Important Information

Please be aware of the following when using the Computer Vision resource:

  • The content extraction has some limitations (see https://docs.microsoft.com/en-us/azure/cognitive-services/computer-vision/concept-recognizing-text). In particular, be aware of the following limitations:

    • Supported file formats: JPEG, PNG, BMP, PDF, and TIFF.

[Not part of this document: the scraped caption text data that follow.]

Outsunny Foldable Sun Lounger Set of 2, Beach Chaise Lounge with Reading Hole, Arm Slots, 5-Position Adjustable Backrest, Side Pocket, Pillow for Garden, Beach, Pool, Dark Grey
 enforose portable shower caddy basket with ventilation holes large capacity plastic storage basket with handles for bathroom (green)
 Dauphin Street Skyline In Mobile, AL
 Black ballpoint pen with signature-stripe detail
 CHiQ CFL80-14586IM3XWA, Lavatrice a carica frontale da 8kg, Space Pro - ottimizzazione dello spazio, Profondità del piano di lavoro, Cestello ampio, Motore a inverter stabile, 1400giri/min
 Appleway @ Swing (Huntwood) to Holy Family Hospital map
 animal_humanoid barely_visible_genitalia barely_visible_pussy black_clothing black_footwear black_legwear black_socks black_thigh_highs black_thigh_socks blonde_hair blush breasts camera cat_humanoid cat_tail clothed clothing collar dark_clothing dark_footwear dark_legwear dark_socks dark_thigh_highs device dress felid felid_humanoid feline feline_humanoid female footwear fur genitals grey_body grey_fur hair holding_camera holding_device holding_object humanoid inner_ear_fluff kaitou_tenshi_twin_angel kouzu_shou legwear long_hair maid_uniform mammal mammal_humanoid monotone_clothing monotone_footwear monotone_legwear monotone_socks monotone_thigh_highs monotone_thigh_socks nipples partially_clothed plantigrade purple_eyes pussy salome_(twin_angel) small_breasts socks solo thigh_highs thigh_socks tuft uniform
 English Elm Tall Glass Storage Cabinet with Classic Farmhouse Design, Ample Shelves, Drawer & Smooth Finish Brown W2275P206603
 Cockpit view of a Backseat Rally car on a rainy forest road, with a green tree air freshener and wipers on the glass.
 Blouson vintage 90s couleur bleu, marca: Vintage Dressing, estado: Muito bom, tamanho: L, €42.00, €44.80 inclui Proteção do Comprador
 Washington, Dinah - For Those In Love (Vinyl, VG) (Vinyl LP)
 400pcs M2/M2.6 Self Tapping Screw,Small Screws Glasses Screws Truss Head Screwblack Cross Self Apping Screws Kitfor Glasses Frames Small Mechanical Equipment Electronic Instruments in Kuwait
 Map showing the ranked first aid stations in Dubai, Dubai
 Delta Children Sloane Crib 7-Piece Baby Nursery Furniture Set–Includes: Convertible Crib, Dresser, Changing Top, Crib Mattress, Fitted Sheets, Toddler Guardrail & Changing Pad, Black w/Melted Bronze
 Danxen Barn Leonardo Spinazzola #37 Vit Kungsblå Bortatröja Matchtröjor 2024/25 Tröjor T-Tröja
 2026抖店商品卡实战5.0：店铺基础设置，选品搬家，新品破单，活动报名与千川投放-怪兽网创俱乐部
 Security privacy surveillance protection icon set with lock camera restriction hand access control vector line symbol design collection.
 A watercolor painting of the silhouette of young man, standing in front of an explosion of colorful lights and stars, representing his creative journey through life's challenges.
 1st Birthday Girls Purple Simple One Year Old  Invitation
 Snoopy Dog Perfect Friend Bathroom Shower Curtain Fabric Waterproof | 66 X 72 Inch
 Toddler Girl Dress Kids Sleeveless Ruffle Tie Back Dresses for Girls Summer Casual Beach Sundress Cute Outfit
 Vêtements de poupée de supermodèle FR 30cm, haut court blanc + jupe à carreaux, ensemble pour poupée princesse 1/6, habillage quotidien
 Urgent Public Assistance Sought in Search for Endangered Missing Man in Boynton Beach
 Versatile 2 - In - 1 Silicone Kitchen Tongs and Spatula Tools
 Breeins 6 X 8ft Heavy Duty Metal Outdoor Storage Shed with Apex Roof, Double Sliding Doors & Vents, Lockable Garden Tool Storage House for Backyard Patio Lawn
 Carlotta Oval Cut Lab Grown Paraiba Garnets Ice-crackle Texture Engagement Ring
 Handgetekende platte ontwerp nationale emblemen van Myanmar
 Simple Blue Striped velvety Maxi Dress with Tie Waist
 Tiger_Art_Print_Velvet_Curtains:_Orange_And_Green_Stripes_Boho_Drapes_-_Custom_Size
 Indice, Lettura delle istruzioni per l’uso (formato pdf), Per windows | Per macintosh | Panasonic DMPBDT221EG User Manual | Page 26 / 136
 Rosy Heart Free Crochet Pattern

    • For PDF and TIFF files, up to 2000 pages (only first two pages for the free tier) are processed.

    • The file size must be less than 50 MB (4 MB for the free tier) and dimensions at least 50 x 50 pixels and at most 10000 x 10000 pixels.

    • The PDF dimensions must be at most 17 x 17 inches, corresponding to legal or A3 paper sizes and smaller.

  • If an error occurs, an error message will end up in the CognitiveServices.error queue in RabbitMQ. You can retry the content extraction by moving the failed message to the CognitiveServices queue. Please be aware of the limitations above before retrying.

  • There is a cost associated with extracting contents from files. Please see https://azure.microsoft.com/en-us/pricing/details/cognitive-services/computer-vision/ for more details.

  • If the extracted contents are included in freetext searches, they are searched on equal terms with the asset titles. Thus, it might be more difficult to find an asset by title.

  • Each time an asset is republished, its contents are extracted again.

  • Repopulating search caches might take significantly more time if content extraction has been enabled.

  • Freetext searches might be slower when asset contents are included. However, we do not expect this to be noticeable.

  • The DigizuiteCore service CognitiveService must be able to make HTTP calls to Azure over https. If you run into issues, please ensure that outgoing https requests are not blocked by a firewall.